▶ _PROMPT_
Below is a set of entries. Reproduce exactly the lines from the one containing "Placintele cu sunca de Praga si Emmental" through the end, both included.

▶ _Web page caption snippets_
....................
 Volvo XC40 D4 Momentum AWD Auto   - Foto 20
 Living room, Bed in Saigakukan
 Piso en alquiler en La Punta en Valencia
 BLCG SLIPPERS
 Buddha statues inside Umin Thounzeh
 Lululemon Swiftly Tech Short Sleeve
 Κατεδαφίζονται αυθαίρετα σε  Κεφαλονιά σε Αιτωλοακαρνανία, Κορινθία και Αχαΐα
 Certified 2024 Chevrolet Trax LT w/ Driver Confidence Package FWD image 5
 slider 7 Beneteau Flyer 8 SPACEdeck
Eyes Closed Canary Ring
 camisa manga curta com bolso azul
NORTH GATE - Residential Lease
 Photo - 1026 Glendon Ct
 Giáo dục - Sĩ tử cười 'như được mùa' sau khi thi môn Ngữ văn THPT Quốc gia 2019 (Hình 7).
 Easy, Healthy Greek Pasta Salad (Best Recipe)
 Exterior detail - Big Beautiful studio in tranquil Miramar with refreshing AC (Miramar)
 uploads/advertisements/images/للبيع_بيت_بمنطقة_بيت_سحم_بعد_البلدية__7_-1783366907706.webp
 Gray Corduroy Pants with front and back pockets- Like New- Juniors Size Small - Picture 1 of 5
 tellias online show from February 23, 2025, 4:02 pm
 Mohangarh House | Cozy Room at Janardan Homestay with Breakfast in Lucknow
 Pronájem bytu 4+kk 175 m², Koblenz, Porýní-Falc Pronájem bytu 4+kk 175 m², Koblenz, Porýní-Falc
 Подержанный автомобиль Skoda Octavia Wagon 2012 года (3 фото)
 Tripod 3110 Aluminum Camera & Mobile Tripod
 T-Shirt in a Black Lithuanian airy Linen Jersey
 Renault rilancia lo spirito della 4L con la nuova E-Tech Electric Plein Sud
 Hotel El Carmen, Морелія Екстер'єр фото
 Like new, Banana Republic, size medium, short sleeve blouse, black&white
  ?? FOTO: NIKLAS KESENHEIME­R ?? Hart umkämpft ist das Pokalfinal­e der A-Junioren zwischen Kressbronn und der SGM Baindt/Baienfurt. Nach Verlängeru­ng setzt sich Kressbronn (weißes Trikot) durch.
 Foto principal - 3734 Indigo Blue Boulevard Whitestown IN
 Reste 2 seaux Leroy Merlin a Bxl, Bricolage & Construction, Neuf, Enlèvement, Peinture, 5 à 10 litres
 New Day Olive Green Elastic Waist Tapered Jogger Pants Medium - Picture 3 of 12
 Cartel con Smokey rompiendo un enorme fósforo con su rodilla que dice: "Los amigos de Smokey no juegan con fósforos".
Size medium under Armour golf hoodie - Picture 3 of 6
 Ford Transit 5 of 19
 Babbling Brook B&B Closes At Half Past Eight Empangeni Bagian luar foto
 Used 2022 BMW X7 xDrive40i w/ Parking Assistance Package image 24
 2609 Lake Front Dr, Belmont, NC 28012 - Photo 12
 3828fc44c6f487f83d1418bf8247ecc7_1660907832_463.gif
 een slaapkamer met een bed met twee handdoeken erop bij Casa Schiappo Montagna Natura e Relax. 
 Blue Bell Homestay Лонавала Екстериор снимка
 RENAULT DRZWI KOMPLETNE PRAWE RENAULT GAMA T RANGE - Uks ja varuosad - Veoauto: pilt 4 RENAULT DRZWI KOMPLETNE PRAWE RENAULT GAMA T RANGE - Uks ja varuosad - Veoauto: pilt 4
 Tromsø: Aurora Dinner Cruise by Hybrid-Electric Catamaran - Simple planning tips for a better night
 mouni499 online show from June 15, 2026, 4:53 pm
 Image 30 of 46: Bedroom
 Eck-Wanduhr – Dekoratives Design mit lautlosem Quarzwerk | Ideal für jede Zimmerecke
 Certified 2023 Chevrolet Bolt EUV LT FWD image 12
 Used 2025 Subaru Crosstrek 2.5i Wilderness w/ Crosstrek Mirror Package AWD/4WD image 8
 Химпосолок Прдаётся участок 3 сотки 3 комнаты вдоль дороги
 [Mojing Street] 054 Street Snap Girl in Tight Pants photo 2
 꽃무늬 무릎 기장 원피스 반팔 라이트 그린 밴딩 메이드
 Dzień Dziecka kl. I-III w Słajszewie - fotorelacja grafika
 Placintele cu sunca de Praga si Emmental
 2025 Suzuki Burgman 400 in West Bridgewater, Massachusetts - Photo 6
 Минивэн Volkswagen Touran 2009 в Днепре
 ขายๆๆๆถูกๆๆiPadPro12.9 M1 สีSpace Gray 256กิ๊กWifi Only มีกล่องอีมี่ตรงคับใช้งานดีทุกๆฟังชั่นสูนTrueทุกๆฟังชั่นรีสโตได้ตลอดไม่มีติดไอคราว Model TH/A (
....................
▶ _RESPONSE AREA_
 Placintele cu sunca de Praga si Emmental
 2025 Suzuki Burgman 400 in West Bridgewater, Massachusetts - Photo 6
 Минивэн Volkswagen Touran 2009 в Днепре
 ขายๆๆๆถูกๆๆiPadPro12.9 M1 สีSpace Gray 256กิ๊กWifi Only มีกล่องอีมี่ตรงคับใช้งานดีทุกๆฟังชั่นสูนTrueทุกๆฟังชั่นรีสโตได้ตลอดไม่มีติดไอคราว Model TH/A (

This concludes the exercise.